Last night I was speaking with a junior engineer who’s entering the job market. She’s had no trouble getting development internships (she has four of them under her belt right now) but has been having a hard time finding ways to learn about the area which most appeals to her: Ops and Infrastructure. That led me to post the following tweet:
The hope was that this would turn up some online resources where a person could start to learn the arcane mysteries of ops and devops, but it didn’t really work out as well as I was hoping. While people did provide some resources (more on that below), overall it appears there aren’t nearly as many structured learning opportunities for ops as there are for programming.
And that got me wondering… just how are people learning this stuff? Ops and infrastructure is a tricky and complicated topic. It’s the foundation on which the entire internet is built. Thousands of people around the world spend their days setting up, scaling, monitoring, and maintaining infrastructures large and small. But how did they learn how to do that?
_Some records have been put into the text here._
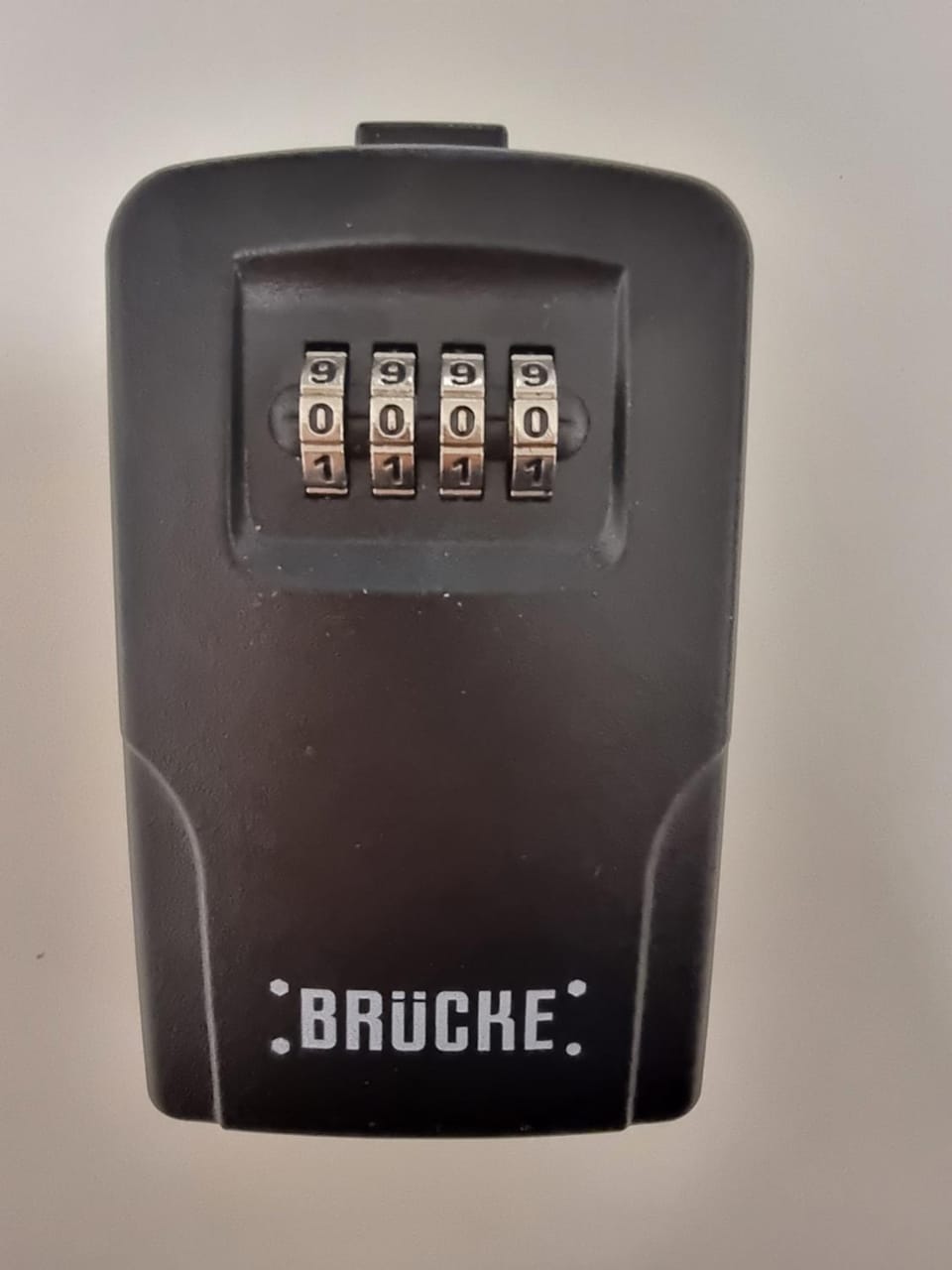 Rovaniemi Grandma`s house Apartment in Rovaniemi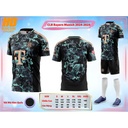 Quan_ao_HD_Bayern_Munich_24/25_Den_Ngoc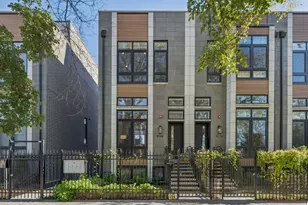 6213 S Ellis Ave, Chicago, IL 60637 - Photo 1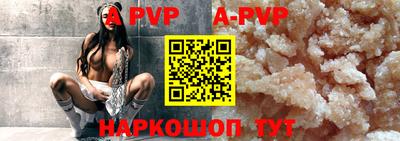 прущие грибы Кунгур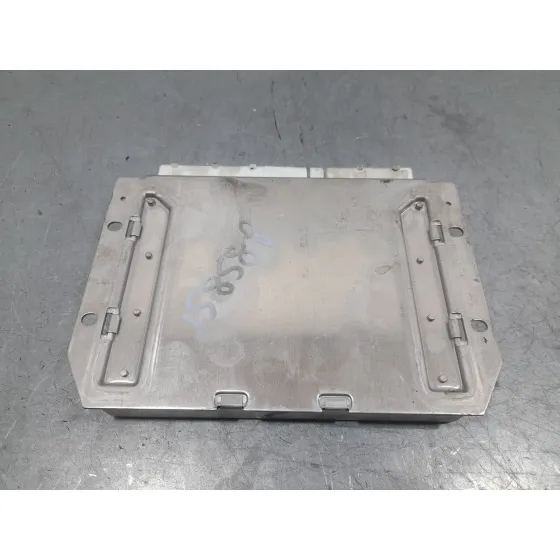 Centralita Motor Uce para Mercedes-Benz Clase E (W210) Berlina Diesel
I acquired my own far-from-comprehensive ops knowledge in an ad hoc manner: Something would break, I’d virtually or actually tag along as it was fixed by someone more knowledgable. That was a perfectly cromulent way to pick up some basic knowledge, but doesn’t exactly scale to professional levels. And it certainly wasn’t actionable advice to give to a young engineer. What to do?
Well, crowdsource it, of course.
I’ve created a new repository in Github: devops-learning-resources. It currently contains all of the resources which people shared in reply to my tweet along with a few others which came to mind. Do you know of additional resources? Pull requests gratefully accepted!
Let’s do this thing, people. Let’s make it easier for aspiring ops people to find the resources they need to support our infrastructure for years to come.
Oh, and if anyone is interested in hiring an ambitious and eager junior devops person, let me know and I’ll put you in touch with her.